With stage two, all of this is still unbiased and still fundamentally tracks its way back to the moderation choices of human moderators, mostly based in India, the Philippines, and the Midwest. But, the odds that an extremist will have posts removed that weren’t strictly illegal becomes higher. Once you have instituted stage two, you will have reduced the amount of chaff that the human moderators are dealing with because it will have removed a lot more of the benign content and it will also auto-remove a lot of content that previously was too low on the confidence rating to moderate programmatically, beyond flagging for a human, now be removed automatically.
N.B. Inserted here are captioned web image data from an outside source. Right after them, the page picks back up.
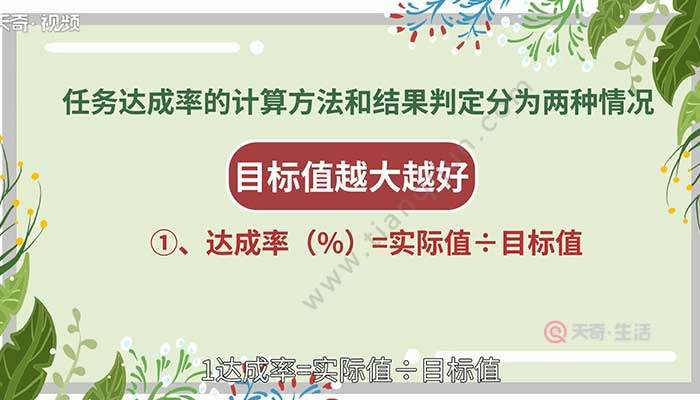 完成率怎麼算 完成率計算公式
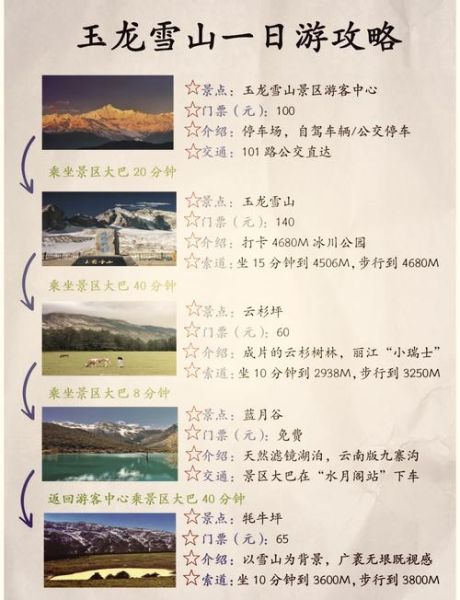 玉龙雪山冰雪套票包含什么_怎么玩最划算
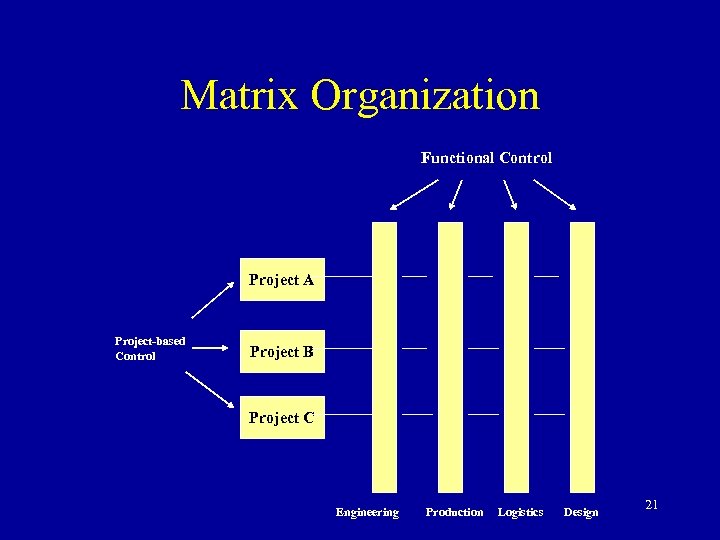 Matrix Organization Functional Control Project A Project-based Control Project B Project C Engineering Production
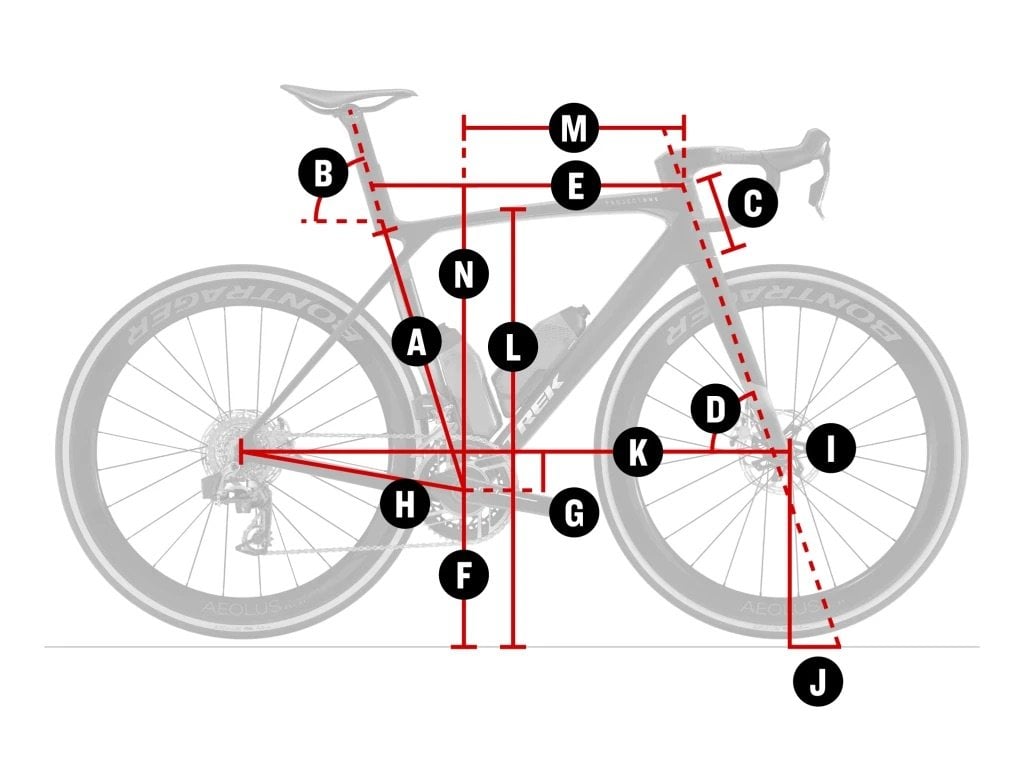 Trek Madone SLR 7 Gen 8 Yol Bisikleti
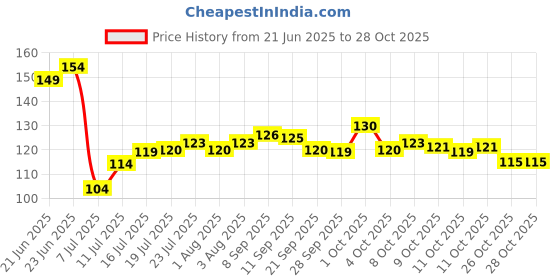 flipkart.com the sanaatan store Birthday Gift, 'A' Alphabate, Gift For Brother, Sister, Friend Ceramic Coffee Mug the sanaatan store Price History Graph from 21 Jun 2025 to 28 Oct 2025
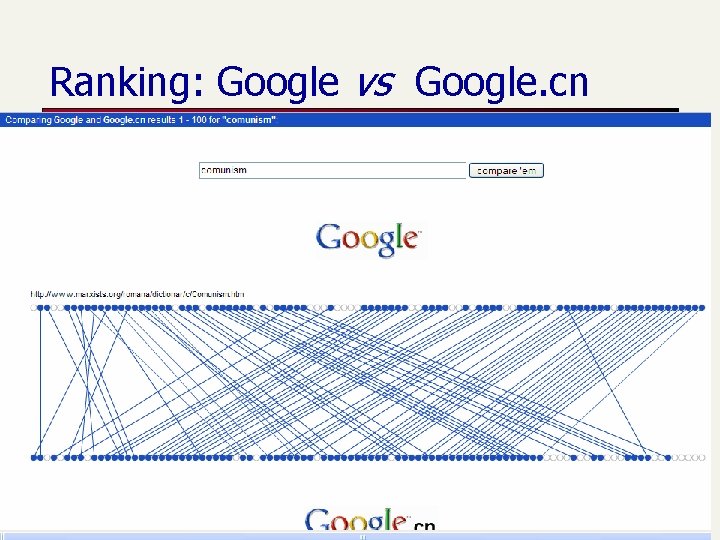 Ranking: Google vs Google. cn 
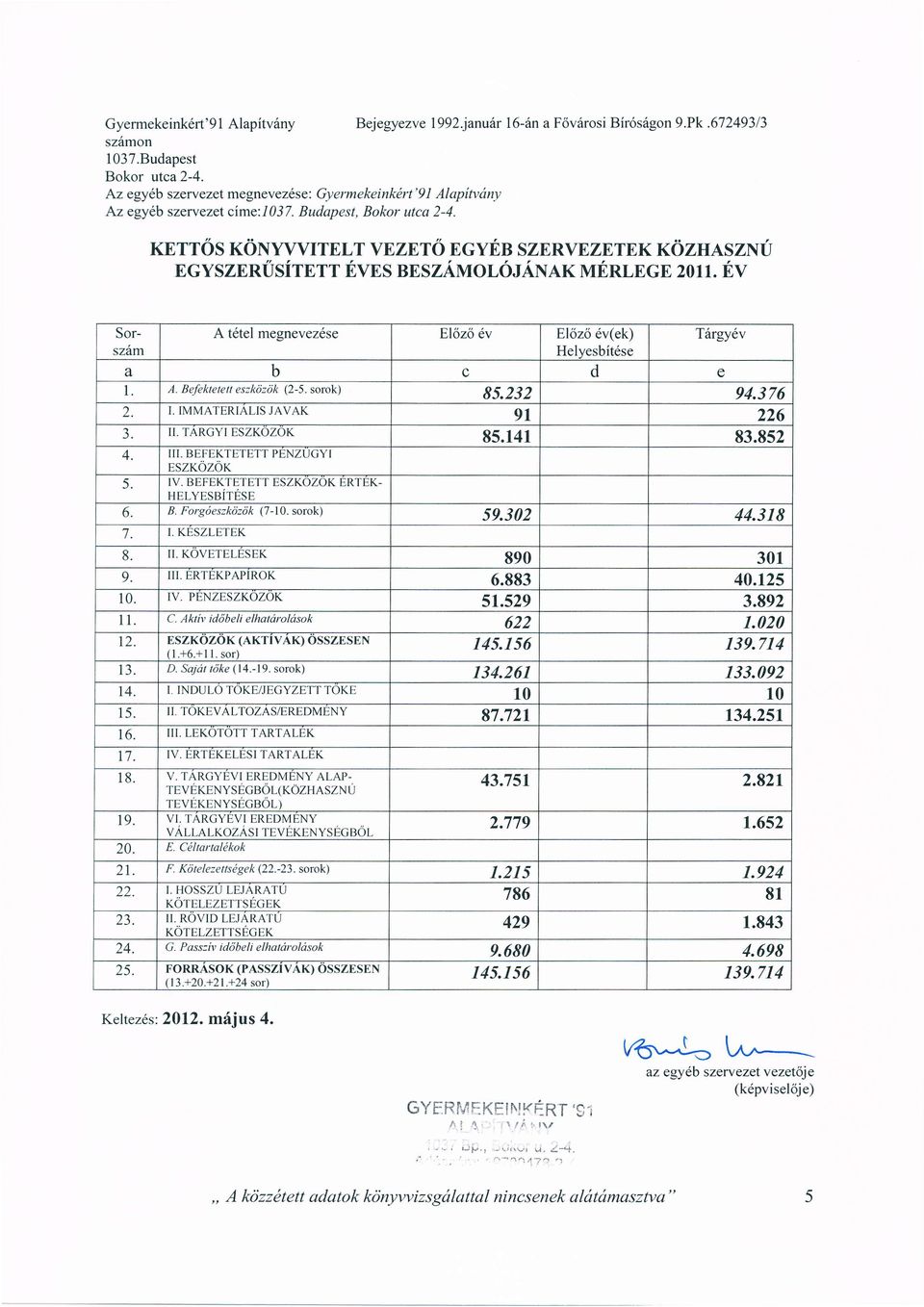 Befektetett eszkdzdk (2-5. sorok) 85.232 94.376 2. I. IMMATERIALIS JAVAK 9l 226 J. II. TARGYI ESZKOZOK 85.141 83.852 A T. III. BEFEKTETETT PENZUGYl pszrozor 5. IV. BEFEKTETETT ESZKOZOK ERTEK-.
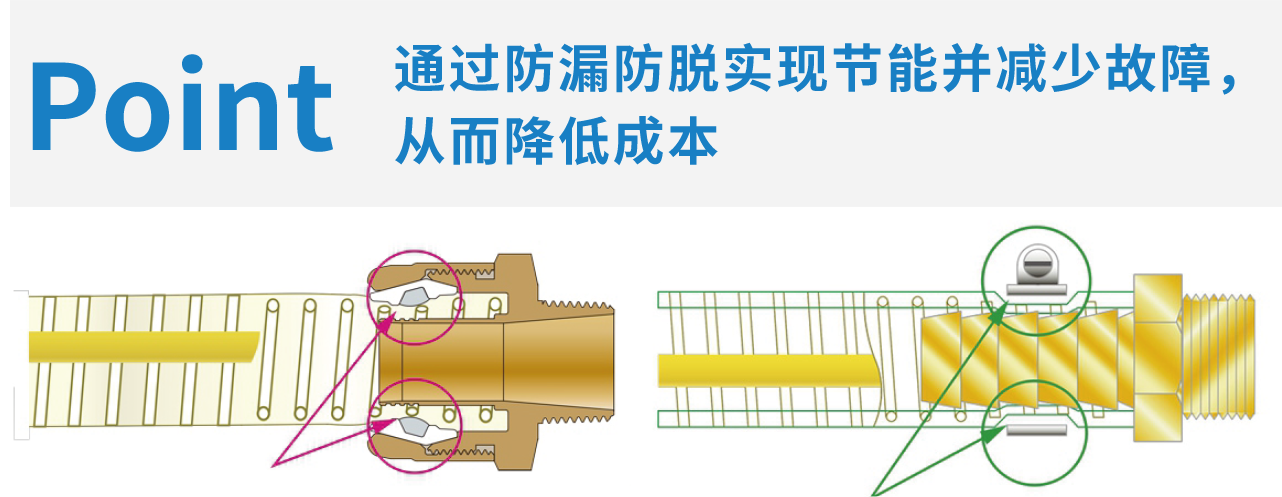 Point 通过防漏防脱实现节能并减少故障，从而降低成本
The human moderators will move from mostly dealing with patently illegal content to, now, largely dealing with content that’s a little more questionable and context-driven and now they’ll be looking more at the TOS and less at the laws, and moderating stuff on the basis of hate speech and general bullying.
With stage two, extremists will find their stuff getting removed a lot more regularly.
But, almost certainly, that content will go away because the person is an extremist and so pinged the AIs radar as fitting a similar profile as a person who would be likely to eventually go off the deep end and post something patently criminal.
That’s not partisan, but partisans may well crowd to one side of the political spectrum. In that case, the algorithm, through purely impartial actions of foreigners with no political motives, working purely off laws restricting violence, nudity, etc. could indeed target one party over the other. But it will also target members of Earth Liberation Front more frequently than it will target members of the American Hiking Society. It’s purely looking for wackos, regardless of ideology.
So, in that respect, I would not worry about the big tech companies. Again, this isn’t a thing that I have personally worked on, but I can’t envision any reasonable way for partisan politics to have interceded, given the scale of the task and the people who would actually be doing the brunt of the work.
Where I think that the tech companies are being…dishonest or misleading, is in saying that they can’t do better and that the technology is just still a work in progress.
If I recall correctly, there’s about 1 police officer per 1000 people, in the US, and we can expect that that’s what it takes to get a fairly lawful society at the level we’re all comfortable living in.
Online, the ratio of moderators to users is probably 1 to 100,000 or 1 to 1,000,000 - though, I grant that I’m just guessing. While it may be that AI helps that to ratio to be more reasonable than it would seem, if the target should be 1:1000, it probably doesn’t help that much beyond the simple system of having other users manually flagging content (which is, in essence, just the same as when a citizen calls 911 to report a crime).
Facebook could just hire more moderators. They are not poor. And while, yes, technology can and will get better and could possibly become good enough that it would require very few or even no human moderators to manage, we are not to that point yet and the job needs doing.
The problem of the social media platforms isn’t that they’re biased - on that they’re clean - it’s that they’re trying to pretend like the Internet can’t be policed because it just has “so many people”. That’s not the way it works. If 1 in 4 people is a neurosurgeon, it doesn’t matter whether you’re looking at a group of 400 people or 4 billion people, you’ll always have one neurosurgeon for every non-neurosurgeon, eager to get their trepanning on. There aren’t too many posts or people on the Internet, you’re just trying to be cheap and not hire enough moderators for them all.
(Granted, some companies, like YouTube, are operating at a loss and so it’s unreasonable to expect them to hire more people. But, contrariwise, that simply indicates that it may be time for the government to subsidize these efforts where it is needed, or create its own policing force for the Internet and create standardized protocols that allow their force to operate, independent of platform.)